SQLAlchemy is one of the best designed libraries I have ever used for any software task, period. I've done all sorts of crazy reflexive joins with it, used the meta programming capabilities to bootstrap my ORM from nothing, added my own rails like scope features to the session maker, etc. SQLAlchemy just plain works(TM). If you're a Python guy, learning it is one of the best things you can do.


SQLAlchemy is just beautiful piece of engineering work. What I always marvel at is how detailed, descriptive and just plain helpful its error messages are. It's a small yet extremely useful feature, given the natural complexity of ORM and bazillion ways that things may go wrong when mapping from relations to objects.


The big difference between the Django ORM and SQLAlchemy is that SQLA takes longer to get going with since it's more complex, but can do a lot more. Thus SQLA is more dangerous: it allows you to take your application further and further down the rabbit hole, making you think that you can actually use an ORM for everything that you do and pretend like row <==> object relationship is one to one.

For every project, there exists a point where an ORM stops being an asset and starts being a liability. With Django ORM it happens pretty early on, once certain types of queries cannot be run with it since it is very limited in scope. With SQLA this point comes when performance drops (by my metrics it adds quite a bit of CPU time on instantiating SQLA object wrappers around rows). This usually happens late in the game, after you've done all your development, deployed and have been running for a little while. In other words: at the most inconvenient time.

On top of that, consider the following piece of code:

  print zoo.location
  print len(zoo.animals)
  print zoo.name
Notice that line 2 of the above code may or may not do external IO, talking to an unreliable database over TCP/IP. It is a small miracle that it works. However, the code looks so right. It seems so easy to fall for the convenience of an ORM instead of architecting your database connector, thus decoupling your data storage from your application.

Edit: I'd like to add that if you have a small project with well-defined scope, it is possible to use an ORM efficiently. However, if performance is of any consideration or you anticipate that the project will grow (most projects do), then consider creating an API to access your data instead. In the short term it will be almost as quick to develop. In the long term, it will save you many headaches.
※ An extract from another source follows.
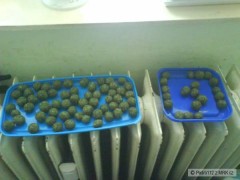 Kliknutím fotografii zvětšíte boilies.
create an API and then....write hand-coded SQL in the implementation ? The notion that Django is better than SQLAlchemy only because it's so limited, and therefore you won't accidentally write inefficient code sounds very strange. Profiling a SQLAlchemy application is very straightforward (watch the SQL at all times when testing), and should be done throughout every stage of development. There's no "surprise at the most inconvenient time" if you're paying appropriate attention up to that point.

SQLAlchemy is tailored for performance above all, in that it allows the database to be used in its natural mode of set-based thinking. You can write real queries, and keep decisions the database is capable of making on the database side. The naive system of "row by agonizing row" programming, where you load everything into memory in order to reason about your data, is not really how relational databases are supposed to be used. You need a tool that works along with the relational paradigm in order to work that way, or else it's back to hand-written SQL strings. And it is absolutely false that a large scale application written out as hundreds of hardcoded SQL strings is easier to manage or expand upon than one that makes good use of an abstraction layer.

Also your example about len(zoo.animals) applies to any ORM. Django, Storm, Hibernate, Active Record, all have lazy evaluated collections. At least with SQLAlchemy and Hibernate, "zoo.animals" is only evaluated once, and not on each access.


There are two "bite you in the ass" points about ORMs that I am talking about. The first is writing ineffecient SQL which as you mention may typically be avoided by reading all queries. The second is the RAM and CPU required by the ORM. When you require massive concurrency and very small response times, SQLAlchemy simply requires too many resources. There is no way to avoid that.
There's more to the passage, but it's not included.